[Dataset items]
⁂
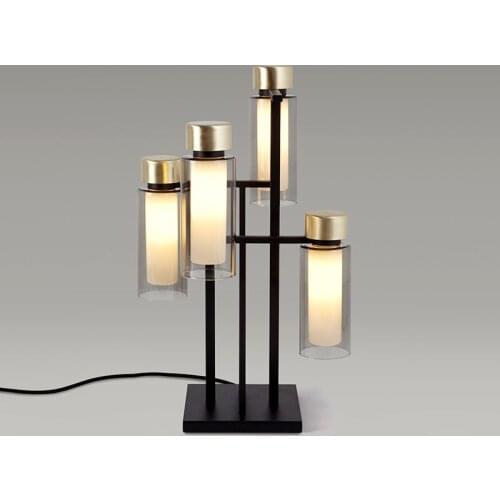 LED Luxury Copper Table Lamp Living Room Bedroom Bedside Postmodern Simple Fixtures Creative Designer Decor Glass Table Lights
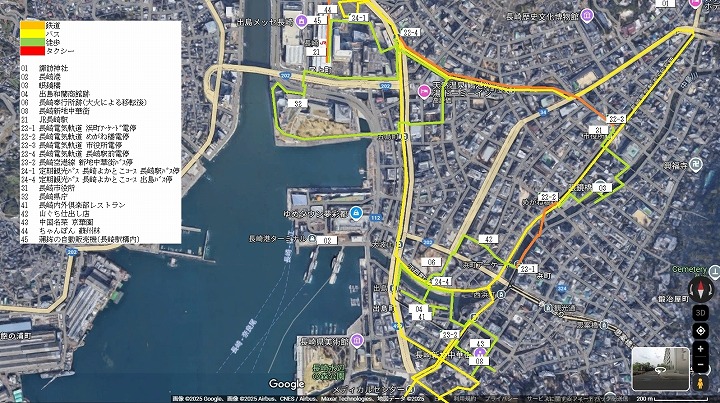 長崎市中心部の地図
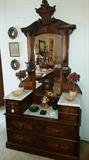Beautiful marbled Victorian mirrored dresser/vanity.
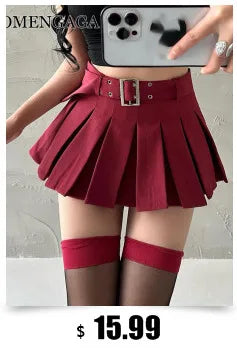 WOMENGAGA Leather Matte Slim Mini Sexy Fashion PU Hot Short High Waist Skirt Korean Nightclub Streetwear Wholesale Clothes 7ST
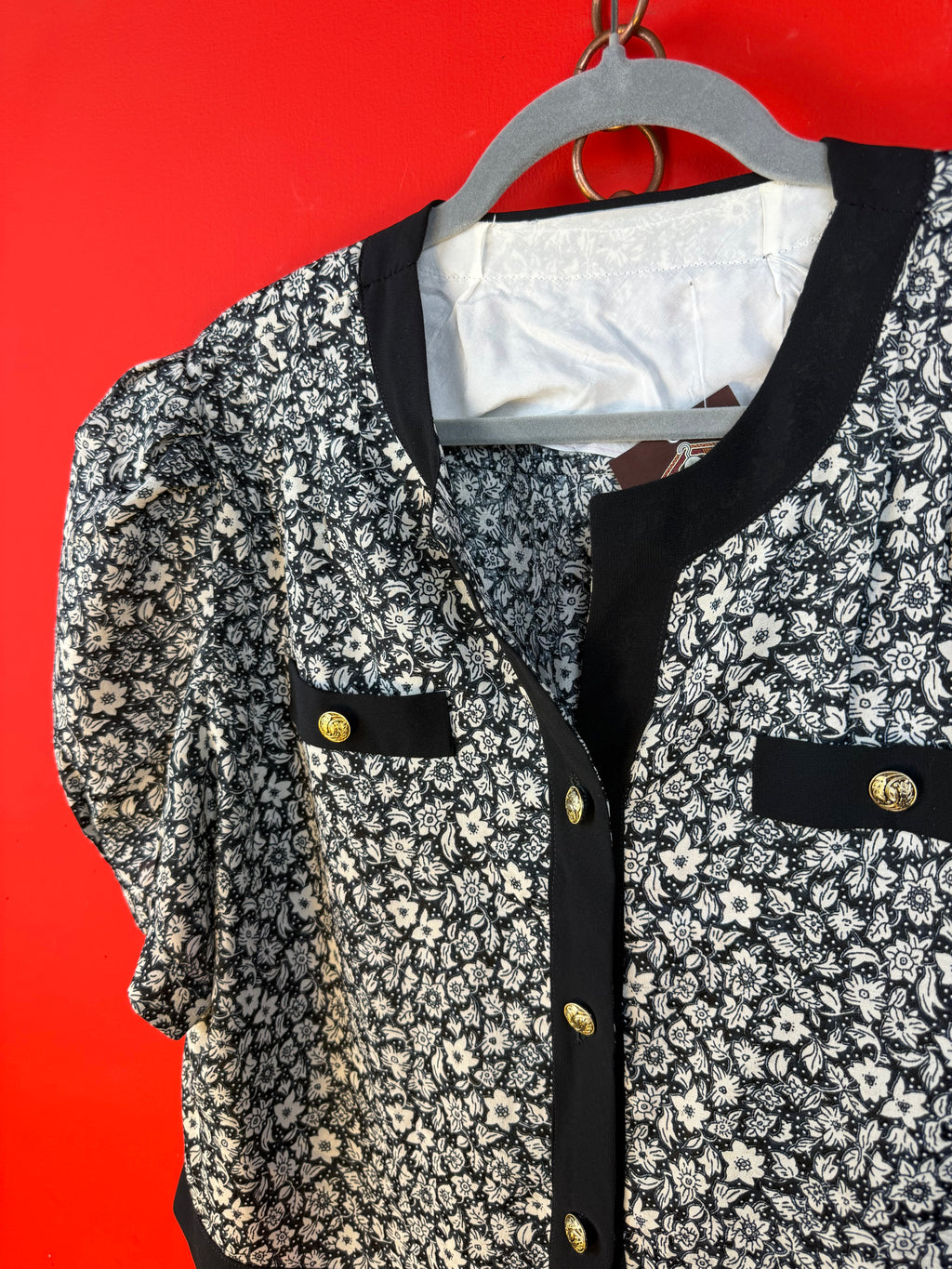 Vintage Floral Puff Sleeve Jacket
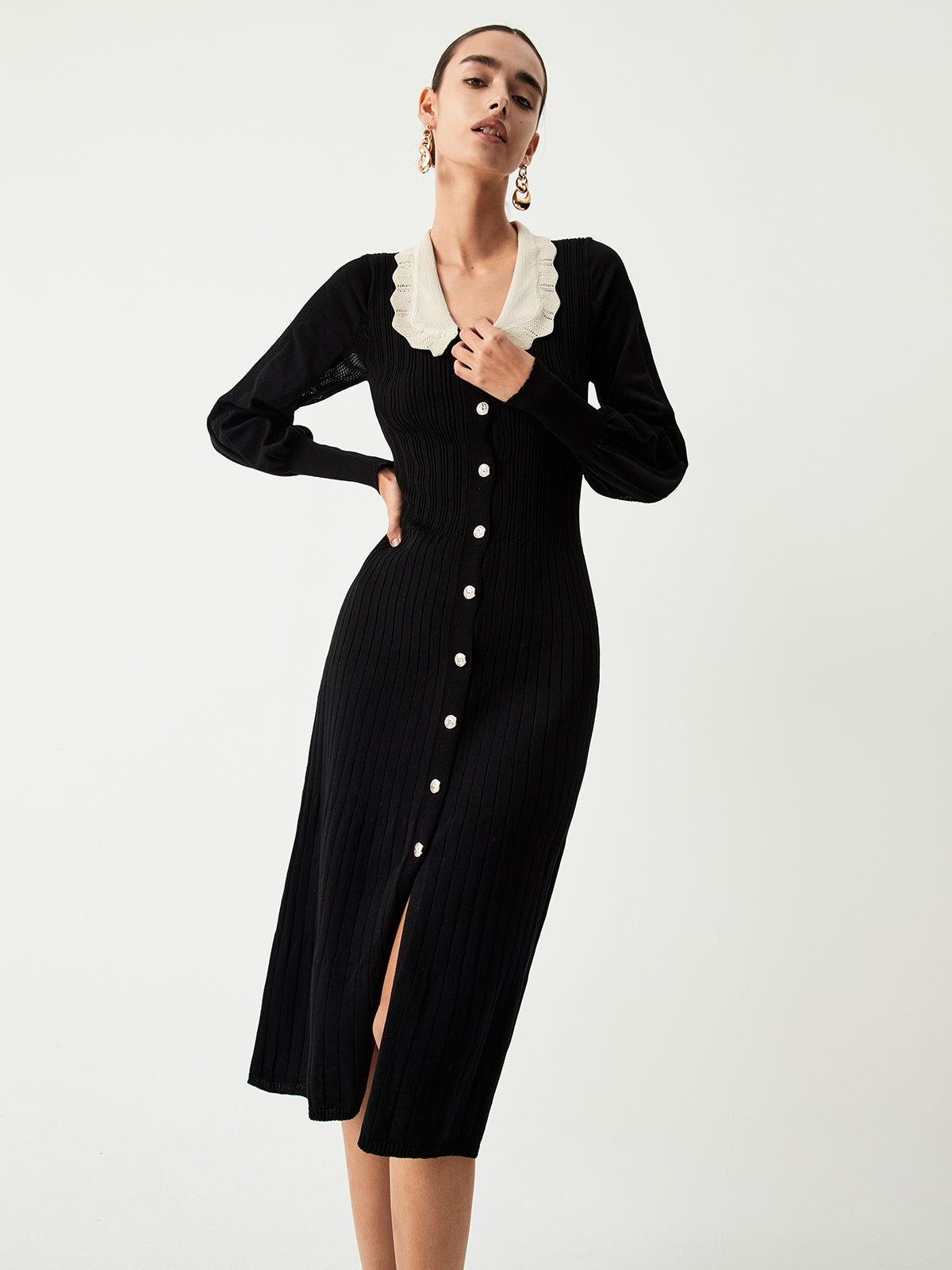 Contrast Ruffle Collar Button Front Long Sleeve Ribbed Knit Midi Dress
⁂
Repeat, exactly and with no pictures, each line from the line that holds "WOMENGAGA Leather Matte" through the last line of the records above.

 WOMENGAGA Leather Matte Slim Mini Sexy Fashion PU Hot Short High Waist Skirt Korean Nightclub Streetwear Wholesale Clothes 7ST
 Vintage Floral Puff Sleeve Jacket
 Contrast Ruffle Collar Button Front Long Sleeve Ribbed Knit Midi Dress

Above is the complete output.